0%

【Momentum Trading】Use machine learning to boost your day trading skill - meta-labeling

The Triple barrier method and meta-labeling technique were together introduced in the book Advances in Financial Machine Learning by Marcos Lopez De Prado. It seems that the combination of these two tools makes a great pair to either stabilize or further increase your portfolio growth. In this post, I’m going to quote my old research result (here) from last time as the fundamental strategy benchmark, and apply these two techniques to see what beneficial impact we could bring to this strategy.

Previous researches

Motivation

After researching the combination of several technical indicators as buy-in signals, I feel the research framework is missing a robust method to mitigate the subjective impact of the technical indicators. Theoretically speaking, stock prices and other statistics represent the current market overview. Using this information to predict future stock price movements would be irrational. However, standing from the behavioral finance point of view, the historic stock prices and statistics could be used to summarize the standard behavior of general investors’ actions when certain critical points were reached. That’s where the momentum trading strategy begins to thrive. Traders/Investors combine several effective indicators and define the fixed or dynamic threshold to find the group of stocks that possess the momentum (uptrend or downtrend) in them. Then the problem comes back to, how do we define the threshold in a more objective method.

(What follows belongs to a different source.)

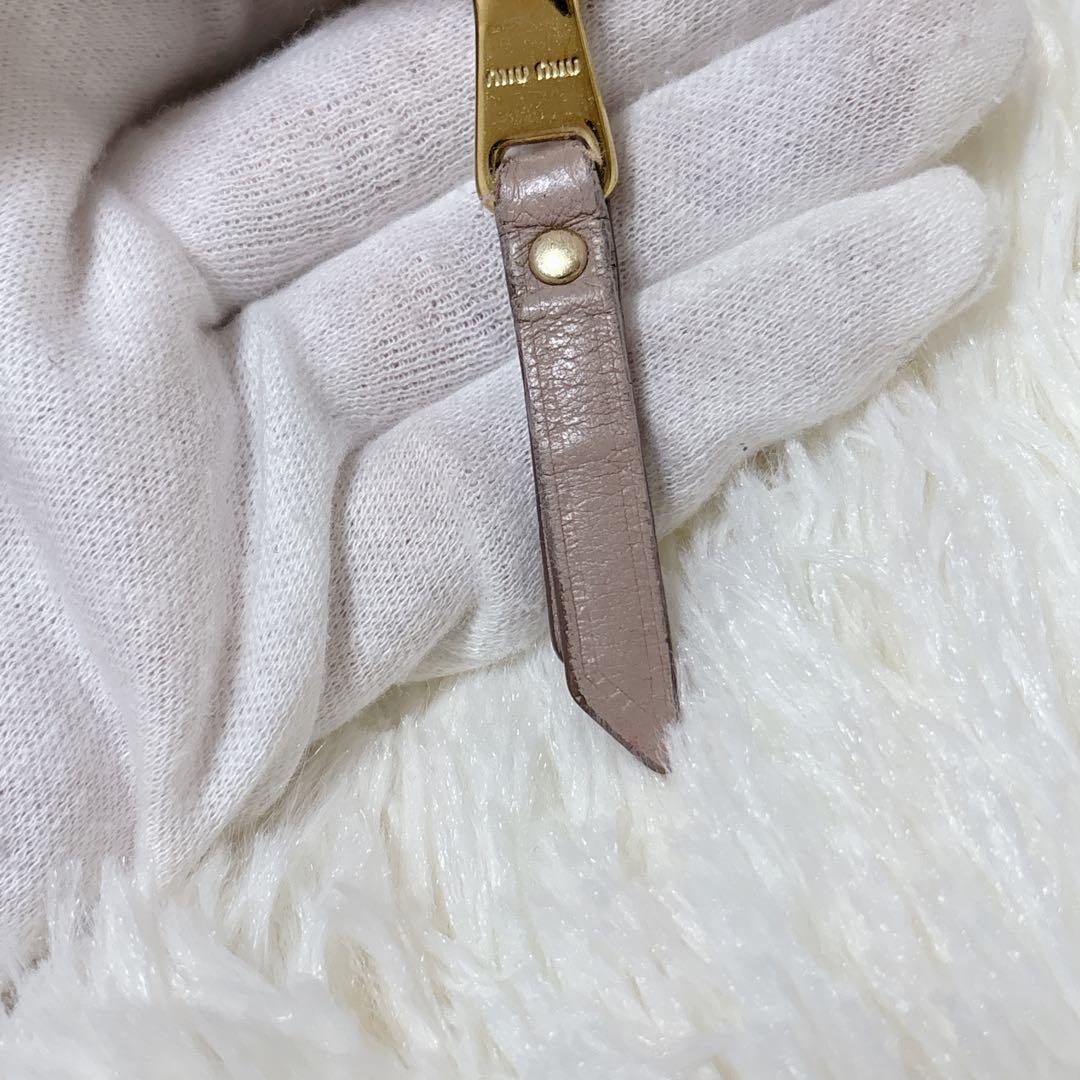 miumiu♡マテラッセ 折り財布 コンパクト ピンクベージュ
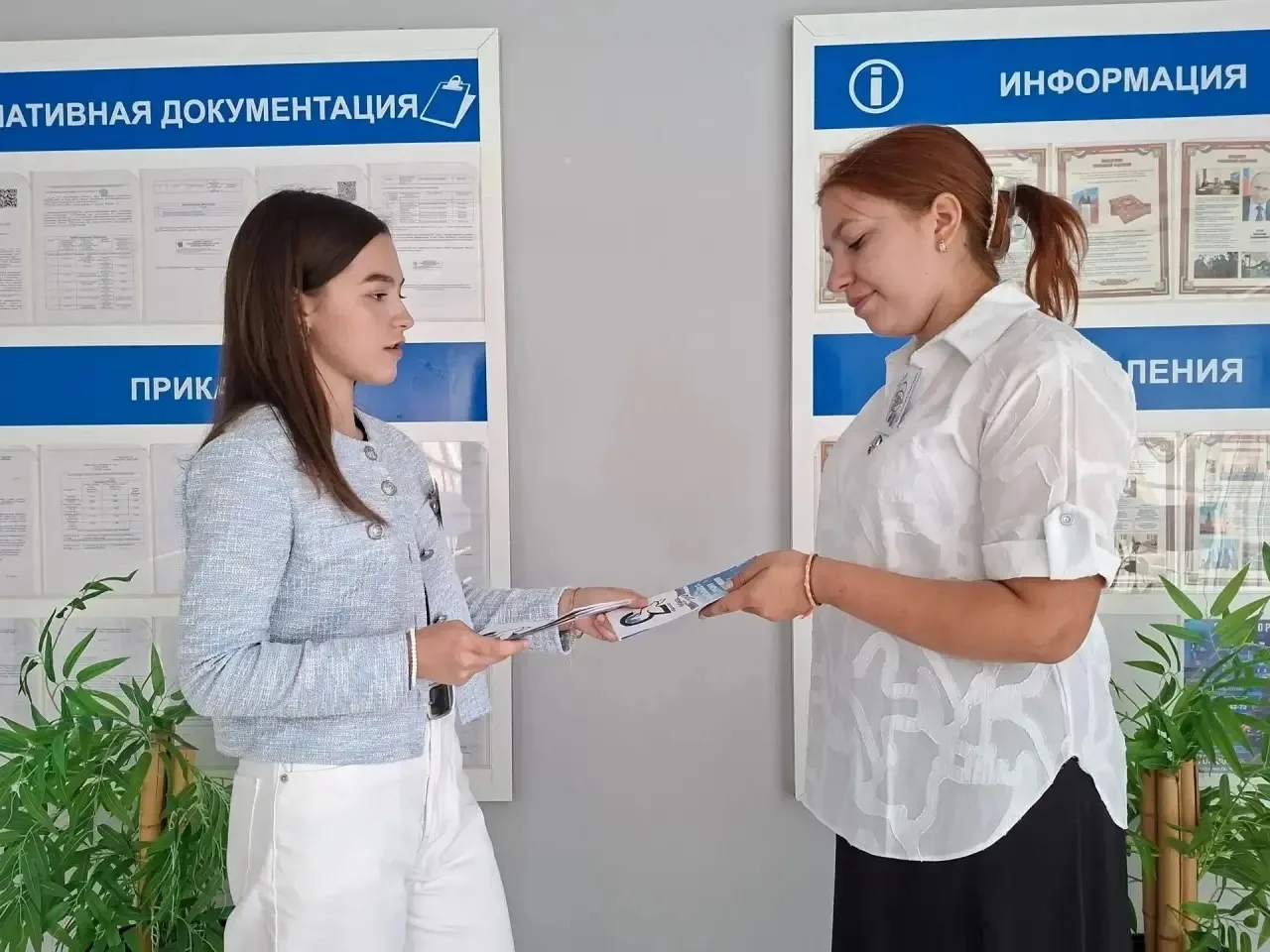 3 сентября, в День солидарности в борьбе с терроризмом, участники Передвижного центра п...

In the book Advances in Financial Machine Learning by Marcos Lopez De Prado, the Triple barrier method (Chapter 3.4) and the meta-labeling technique (Chapter 3.6) were introduced with his quote “In that case, meta-labeling will help us figure out when we should pursue or dismiss a discretionary PM’s call” (Page 54). These two tools could be adopted and leverage the power of machine learning to mitigate the subjectiveness in the technical-indicator-oriented momentum strategy.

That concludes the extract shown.